Context Harness has always supported local embeddings: fully offline, no API key, models downloaded on first use. The catch was that two of our six release targets — Linux musl and macOS Intel — couldn’t ship with local embeddings because ONNX Runtime doesn’t provide prebuilt binaries for them, and we didn’t want to ask users to install ORT or set ORT_DYLIB_PATH. So those binaries only supported OpenAI and Ollama.
We’ve changed that. Every release binary now includes the local embedding provider. No system dependencies, no env vars, no special install steps.
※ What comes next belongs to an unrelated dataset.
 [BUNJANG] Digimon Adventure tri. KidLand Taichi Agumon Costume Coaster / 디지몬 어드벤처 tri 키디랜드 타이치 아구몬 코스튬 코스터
How we did it: two backends, one config
We kept the same config and API. Under the hood we now use two backends and pick the right one per target:
- Primary platforms (Linux glibc, Linux aarch64, macOS Apple Silicon, Windows): fastembed with ONNX Runtime bundled at compile time (download-binaries). Same fast path as before; zero user-managed deps.
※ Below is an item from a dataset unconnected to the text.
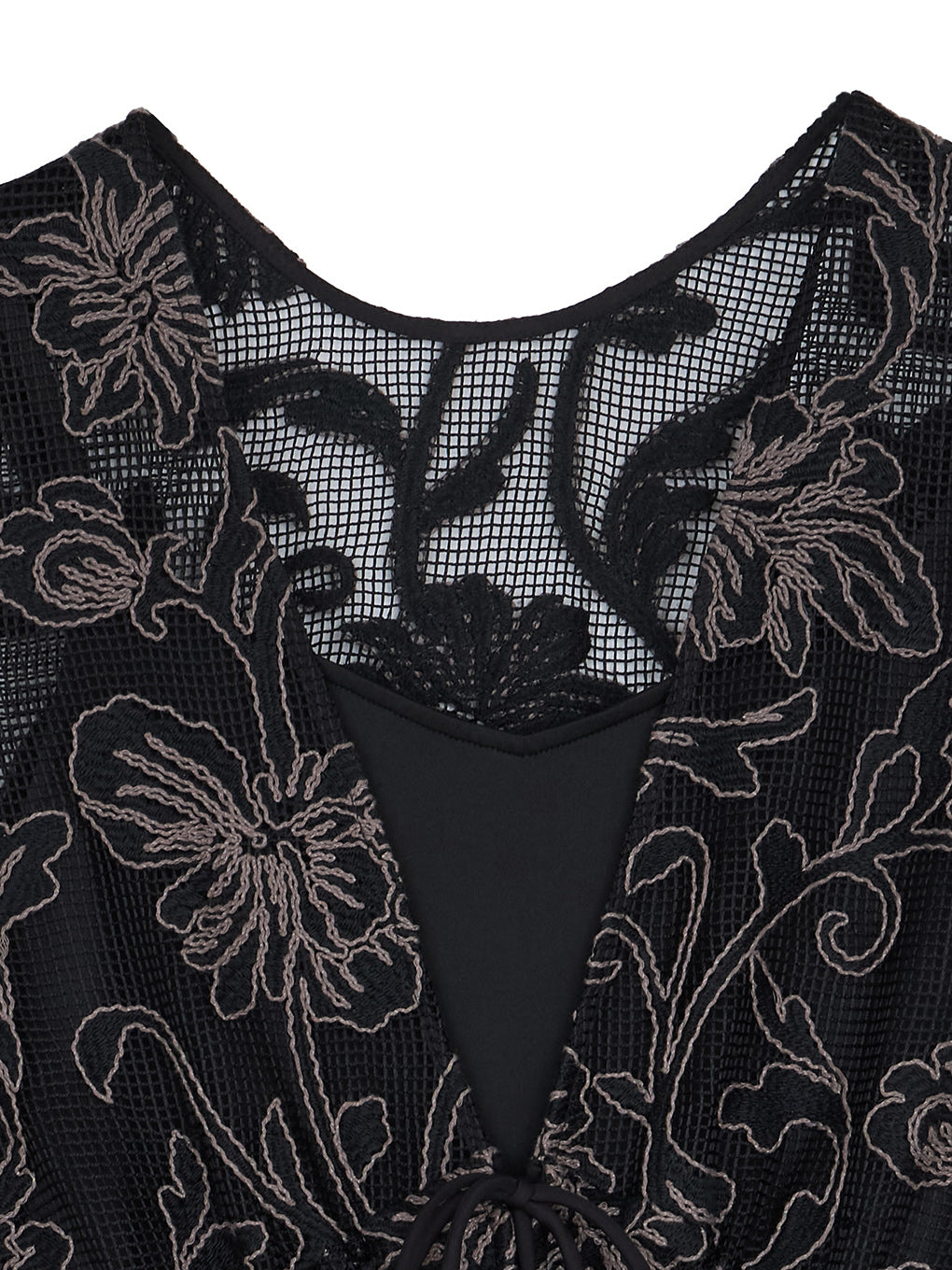 2WAY SILHOUETTE V NECK ROMPERS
- Fallback platforms (Linux musl, macOS Intel): a pure-Rust path using tract-onnx and the tokenizers crate. No native ORT, no C++ runtime; models still download from Hugging Face on first use and cache locally.
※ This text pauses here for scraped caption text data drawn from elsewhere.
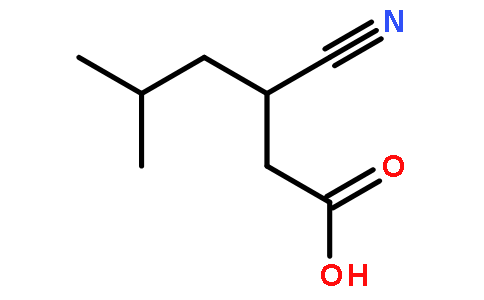 (R)-3-cyano-5-methylhexanoic acid181289-36-1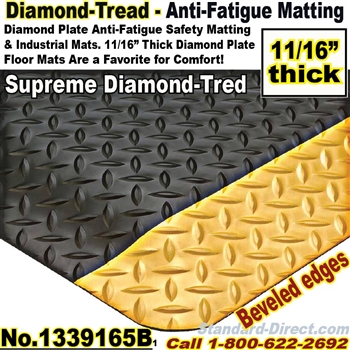 Diamond-Plate Anti-Fatigue Matting / 1339165B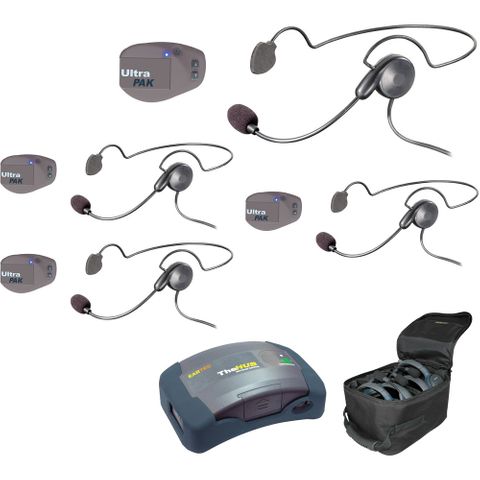 Eartec UltraPAK 1-HUB, 4- UltraPAK  & 4- Cyber Headsets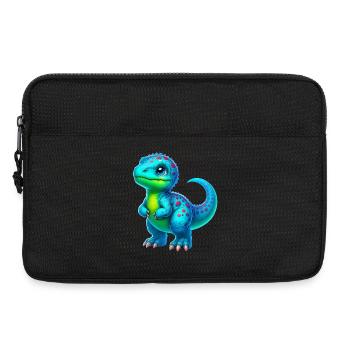 Dinosaure - Sacoche pour ordinateur portable 13 pouces - noir - Devant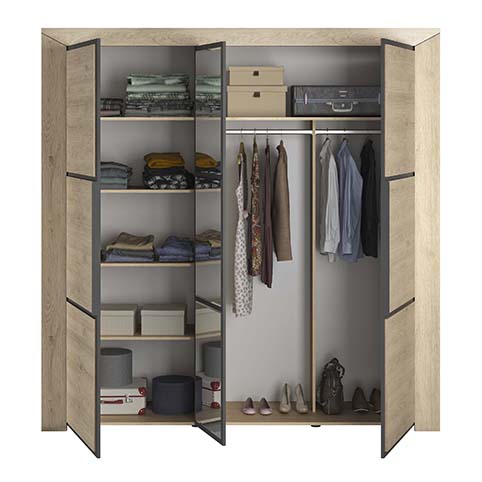 armoire penderie chene clair brugge 2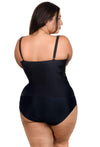 Plus Size Shaping High Waisted Brief and Tankini Swimsuit Set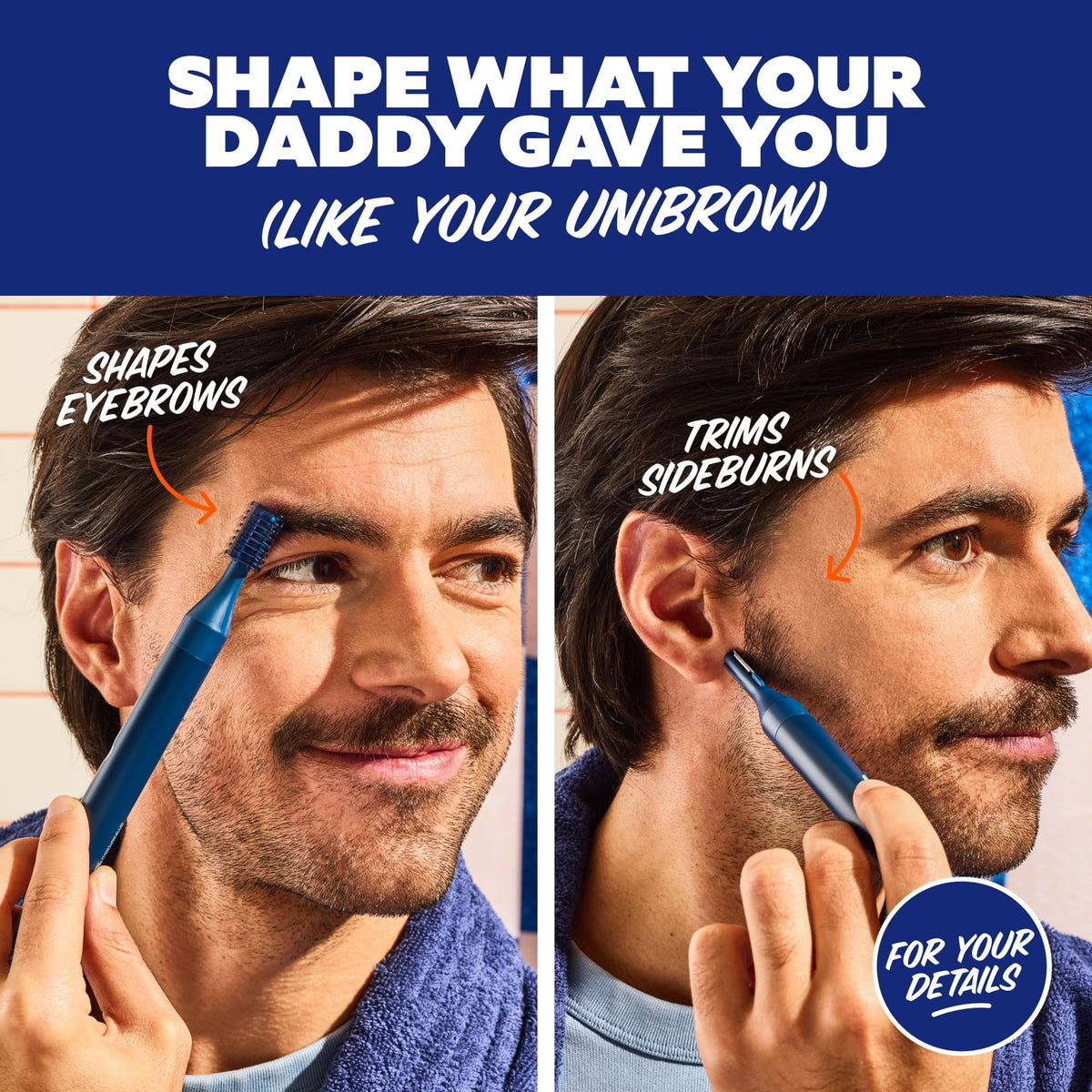 Dollar Shave Club trimmer used to remove nose hair with controlled motion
The release workflow selects the backend via Cargo features: default features for primary targets, --no-default-features --features local-embeddings-tract for musl and Intel Mac. Users get one binary per platform; they don’t choose backends.
What you get
| Binary | Local embeddings | Backend |
|---|---|---|
| Linux x86_64 (glibc) | ✅ | fastembed |
| Linux x86_64 (musl) | ✅ | tract |
| Linux aarch64 | ✅ | fastembed |
| macOS x86_64 (Intel) | ✅ | tract |
| macOS aarch64 (Apple Silicon) | ✅ | fastembed |
| Windows x86_64 | ✅ | fastembed |
Same provider = "local" in config. Same model names (we support all-minilm-l6-v2 on both backends; fastembed supports more). Same “model downloads on first use” behavior. No ORT install, no ORT_DYLIB_PATH, no Nix wrapper for ORT — the binary is self-contained.
For Nix users
The flake default is now the full build (with local embeddings). nix build or nix build .#default gives you the full binary. For a minimal binary without local embeddings: nix build .#no-local-embeddings. On macOS we use Zig as the C/C++ compiler in the Nix environment so linking works without pulling in a separate libc++; no extra config needed.
Summary
- All six release targets ship with local embeddings.
- No system dependencies for local: no ORT install, no env vars.
- Two backends: fastembed (primary) and tract (musl / Intel Mac), chosen at build time.
- One config:
provider = "local"everywhere; same model semantics where both backends support them.
If you were on musl or Intel Mac and had to use Ollama or OpenAI only — you can now use provider = "local" with the official binaries and get fully offline embeddings with zero extra setup.